Groups | Search | Server Info | Keyboard shortcuts | Login | Register [http] [https] [nntp] [nntps]
Groups > comp.lang.python > #46223 > unrolled thread
| Started by | Bryan Britten <britten.bryan@gmail.com> |
|---|---|
| First post | 2013-05-27 13:47 -0700 |
| Last post | 2013-05-27 21:40 -0400 |
| Articles | 11 — 7 participants |
Back to article view | Back to comp.lang.python
Reading *.json from URL - json.loads() versus urllib.urlopen.readlines() Bryan Britten <britten.bryan@gmail.com> - 2013-05-27 13:47 -0700
Re: Reading *.json from URL - json.loads() versus urllib.urlopen.readlines() Roy Smith <roy@panix.com> - 2013-05-27 16:56 -0400
Re: Reading *.json from URL - json.loads() versus urllib.urlopen.readlines() Bryan Britten <britten.bryan@gmail.com> - 2013-05-27 14:29 -0700
Re: Reading *.json from URL - json.loads() versus urllib.urlopen.readlines() Denis McMahon <denismfmcmahon@gmail.com> - 2013-05-27 21:35 +0000
Re: Reading *.json from URL - json.loads() versus urllib.urlopen.readlines() Fábio Santos <fabiosantosart@gmail.com> - 2013-05-28 00:36 +0100
Re: Reading *.json from URL - json.loads() versus urllib.urlopen.readlines() Dave Angel <davea@davea.name> - 2013-05-27 19:58 -0400
Re: Reading *.json from URL - json.loads() versus urllib.urlopen.readlines() Bryan Britten <britten.bryan@gmail.com> - 2013-05-27 20:11 -0700
Re: Reading *.json from URL - json.loads() versus urllib.urlopen.readlines() Fábio Santos <fabiosantosart@gmail.com> - 2013-05-28 08:31 +0100
Re: Reading *.json from URL - json.loads() versus urllib.urlopen.readlines() Bryan Britten <britten.bryan@gmail.com> - 2013-05-28 07:32 -0700
Re: Reading *.json from URL - json.loads() versus urllib.urlopen.readlines() Alister <alister.ware@ntlworld.com> - 2013-05-28 17:52 +0000
Re: Reading *.json from URL - json.loads() versus urllib.urlopen.readlines() Dennis Lee Bieber <wlfraed@ix.netcom.com> - 2013-05-27 21:40 -0400
| From | Bryan Britten <britten.bryan@gmail.com> |
|---|---|
| Date | 2013-05-27 13:47 -0700 |
| Subject | Reading *.json from URL - json.loads() versus urllib.urlopen.readlines() |
| Message-ID | <10be5c62-4c58-4b4f-b00a-82d85ee4ef8e@googlegroups.com> |
Hey, everyone!

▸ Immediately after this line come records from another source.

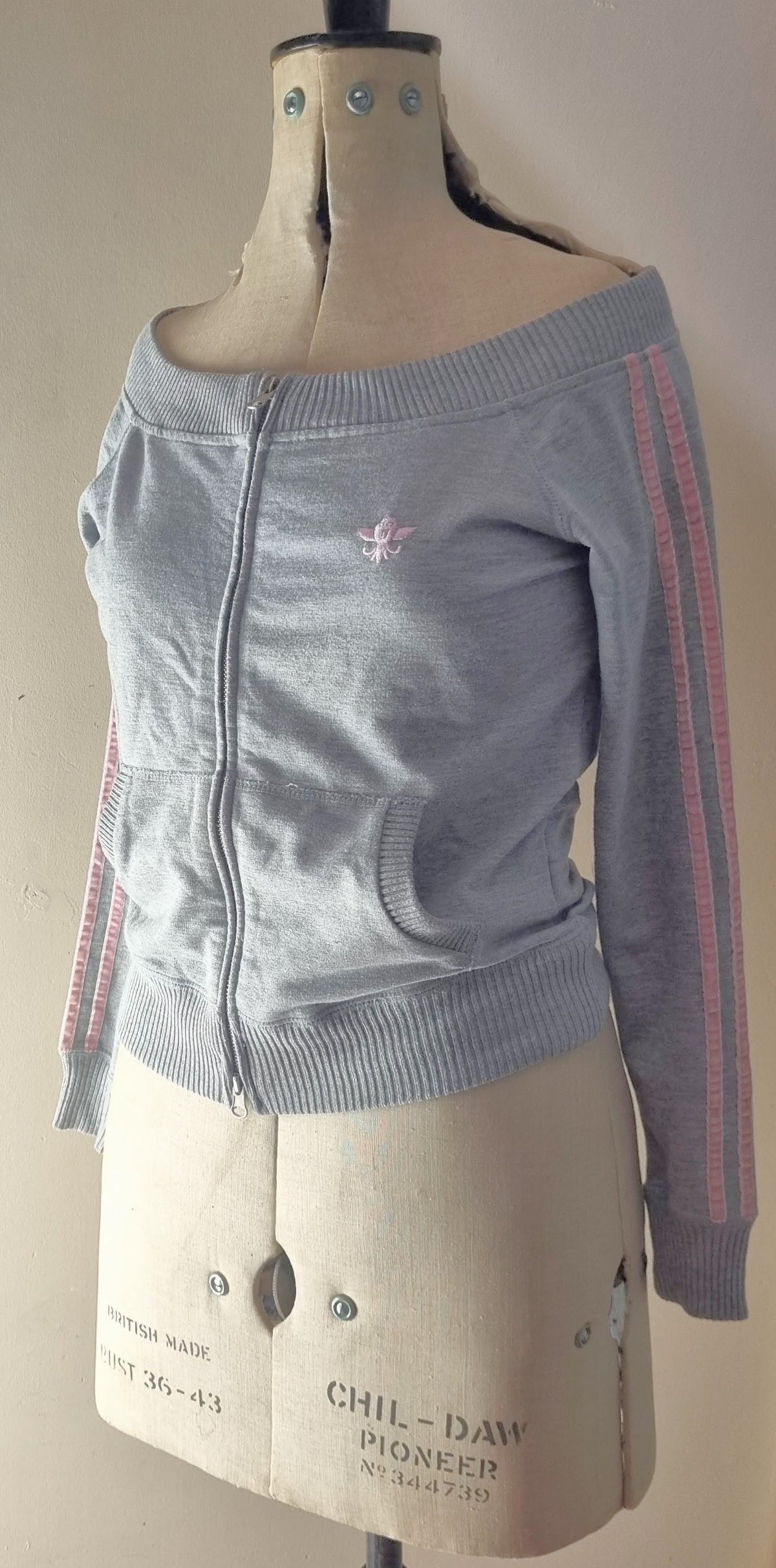 Off-Shoulder Zip-Up (Size 12)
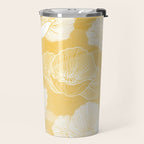 Poppy bloom - yellow Travel Mug Gallery Image 2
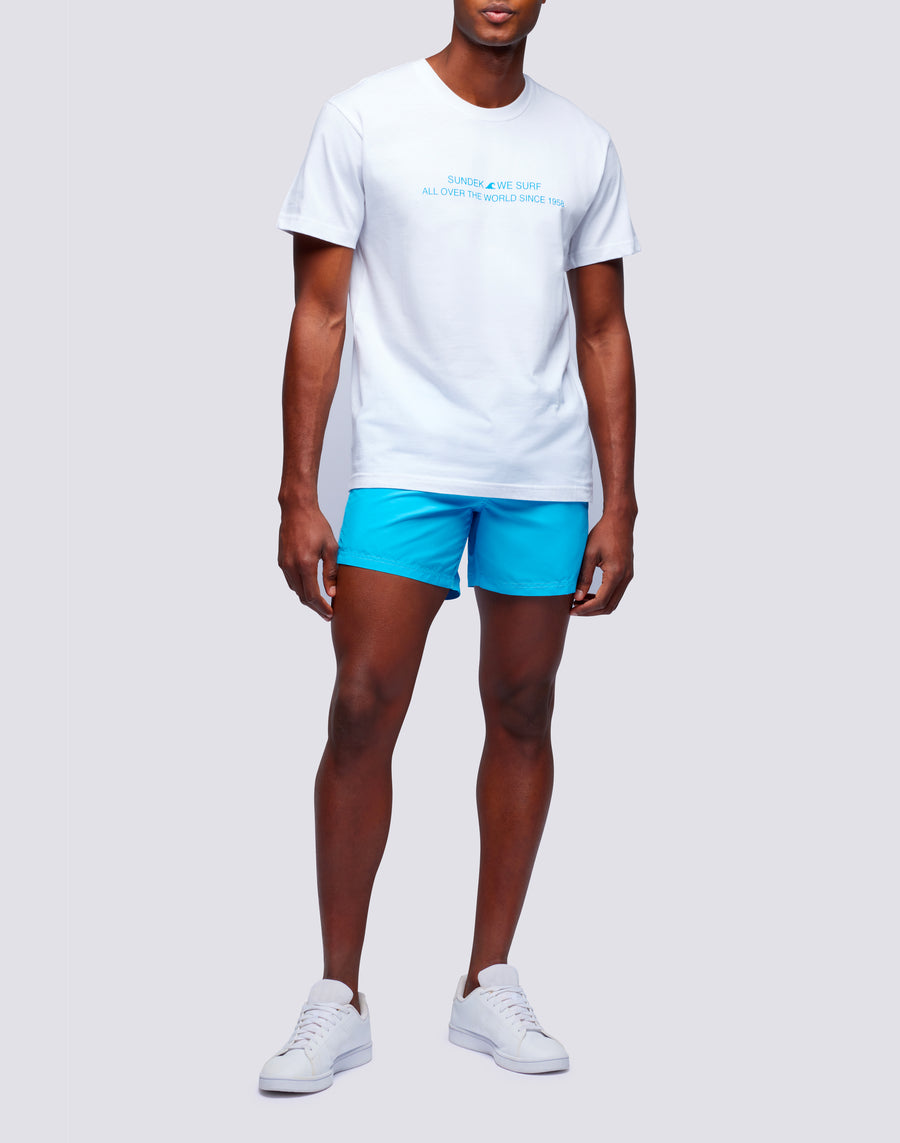 Sundek T-shirt Uomo In Cotone Capsule Flag M669tesj500-00400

I'm very new to Python and have only been using it for a couple of days, but have some experience in programming (albeit mostly statistical programming in SAS or R) so I'm hoping someone can answer this question in a technical way, but without using an abundant amount of jargon. The issue I'm having is that I'm trying to pull information from a website to practice Python with, but I'm having trouble getting the data in a timely fashion. If I use the following code: <code> import json import urllib urlStr = "https://stream.twitter.com/1/statuses/sample.json" twtrDict = [json.loads(line) for line in urllib.urlopen(urlStr)] </code> I get a memory issue. I'm running 32-bit Python 2.7 with 4 gigs of RAM if that helps at all. If I use the following code: <code> import urllib urlStr = "https://stream.twitter.com/1/statuses/sample.json" fileHandle = urllib.urlopen(urlStr) twtrText = fileHandle.readlines() </code> It takes hours (upwards of 6 or 7, if not more) to finish computing the last command. With that being said, my question is whether there is a more efficient manner to do this. I'm worried that if it's taking this long to process the .readlines() command, trying to work with the data is going to be a computational nightmare. Thanks in advance for any insights or advice!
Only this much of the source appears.